In the context of a managed care contract, all stakeholders involved are financially and contractually connected to each other because they share financial risks. Because of the presence of financial risks, every party involved in such a contract has some level of authority and decision-making when using resources or charging for services. All parties, including healthcare providers, the sponsors of plans, as well as the developers of health plans. The success of managing the contracts depends on the effectiveness of each entity at an organization in carrying out its respective responsibilities. For instance, it is important that before a payer negotiation, all key operations staff get to negotiate the best practices and areas for improvement to guarantee high levels of performance. As a result, it is possible to get feedback on such issues as payer responsiveness, representative knowledge, problem-solving willingness, and so on.
New managed care contracts have been influencing reimbursement at healthcare organizations. For instance, value-based care reimbursement models, which take place within a value-based care model, imply a reimbursement of a defined amount per month for each plan member that is being served by an organization (European Commission, 2019). With the help of a well-established and properly managed care contract, it is possible to improve patient satisfaction by enabling patient access to comprehensive services and treatments.

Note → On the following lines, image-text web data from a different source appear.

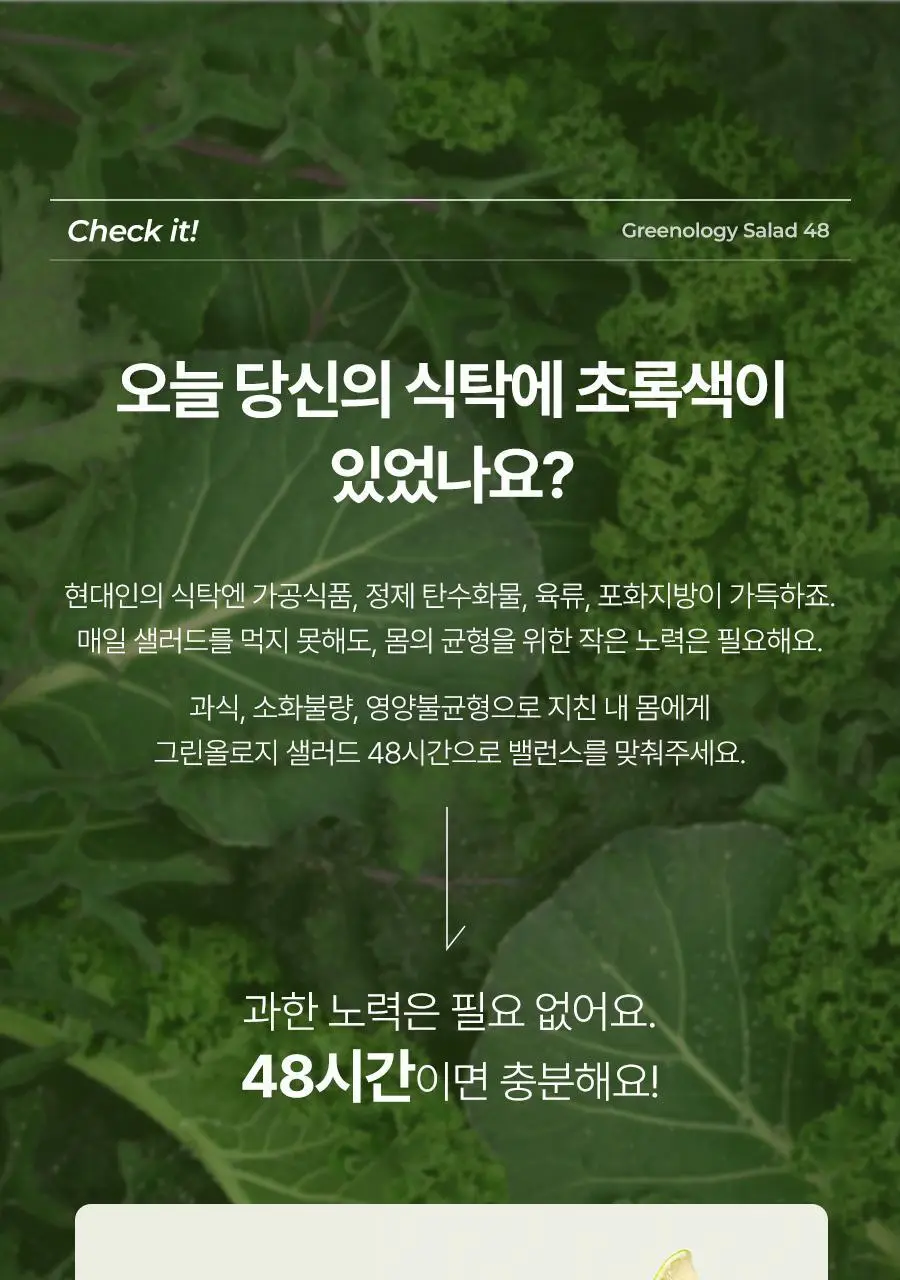 푸드올로지 그린올로지 샐러드 48시간 1000ml 상세페이지 8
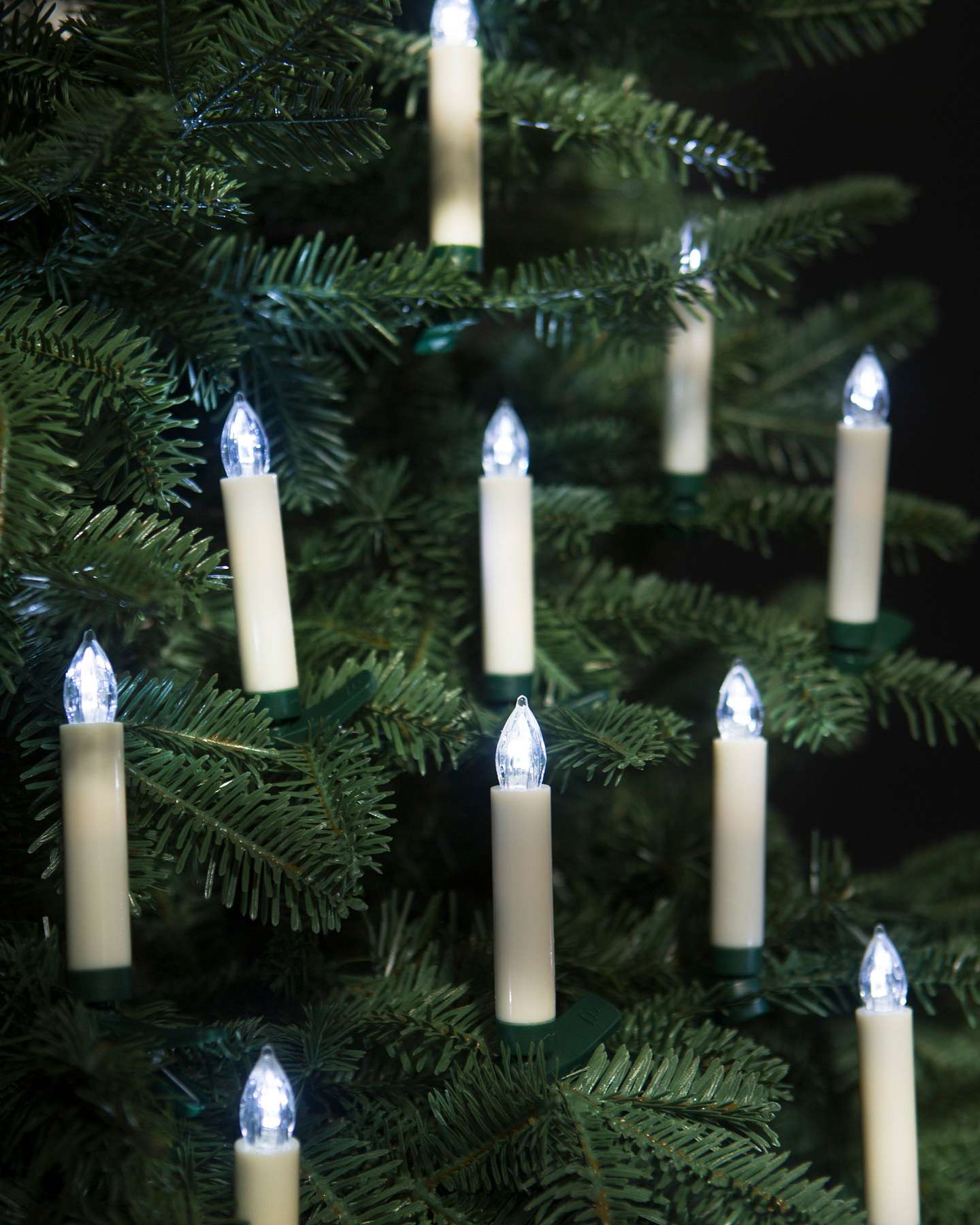 Balsam Hill Colour-Changing LED Christmas Tree Candles Set of 20 Cool Colour Mode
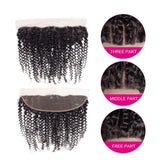 Formule KARA Lot de 3 Tissage Remy Hair avec Frontal Lace Cheveux Péruviens Ondulés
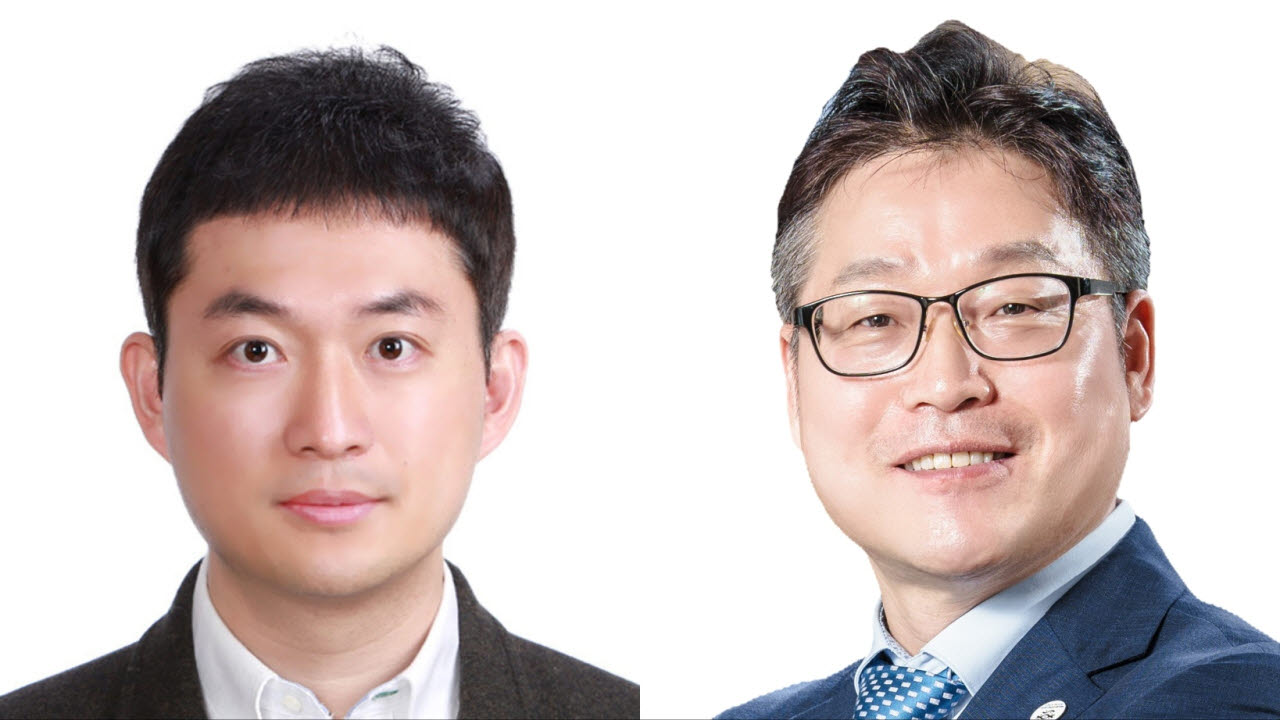대한민국 엔지니어상 8월 수상자인 최석호 LG전자 책임연구원(왼쪽), 최윤화 제엠제코 대표. (사진=과학기술정보통신부)
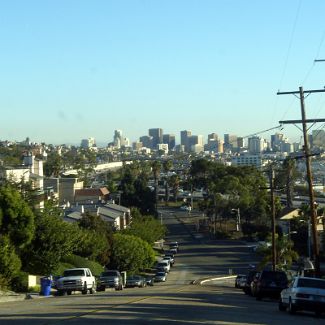 View on San Diego from Old Town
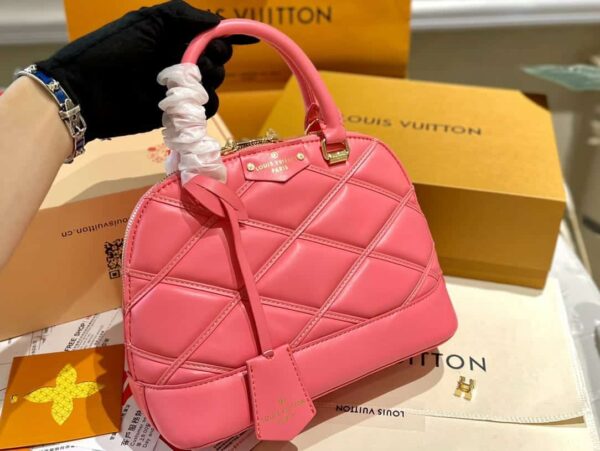 LOUIS VUITTON ALMA BB BAG PINK 24CM - Image 3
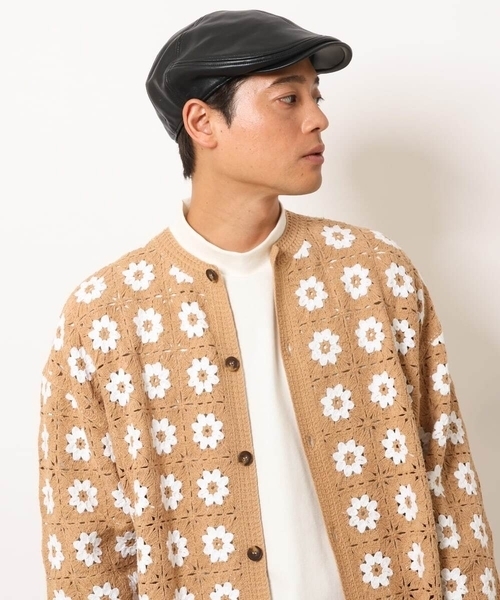 a.v.v（アーヴェヴェ）の「合皮ハンチング（ハンチング/ベレー帽・メンズ・ブラック・46）」の15枚目の写真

To ensure billing compliance with ethical standards and regulations, the main resource to consider is internal audits. They can be helpful for pointing out any challenges taking place with billing and coding, including any mistakes, as well as enable the parties responsible for correcting them. Making sure that all errors are eliminated before billing submission to insurance companies can help healthcare facilities to collect reimbursement in time instead of waiting to be denied and resubmit later. In addition, not having auditors to monitor compliance and adherence to ethical standards can lead to the loss of money for organizations. Specifically, there may be longer waiting times for reimbursements, while the responsible parties will waste time on correcting errors after waiting for the denied requests to be resent. Besides, the lack of compliance with ethical standards can result in the loss of patients because of the low care quality, which, in turn, leads to financial burdens. There are also risks of fines, increased monitoring for compliance or probation to which organizations can be subjected.
Arora, V., Moriates, C., & Shah, N. (2015). The challenge of understanding health care costs and charges. AMA Journal of Ethics, 17(11), 1046-1052.
European Commission. (2019). Defining value in “value-based healthcare.” Web.
Green, M. (2020). Understanding health insurance: A guide to billing and reimbursement – 2020 (15th ed.). Cengage Learning.
Harrington, M. K. (2019). Health care finance and the mechanics of insurance and reimbursement (2nd ed.). Jones & Bartlett Learning.
Office of Inspector General. (2021). Compliance guidance. Web.
Pepper, J. (2019). The electronic health record for the physician’s office: For SimChart for the medical office (3rd ed.). Elsevier Health Sciences.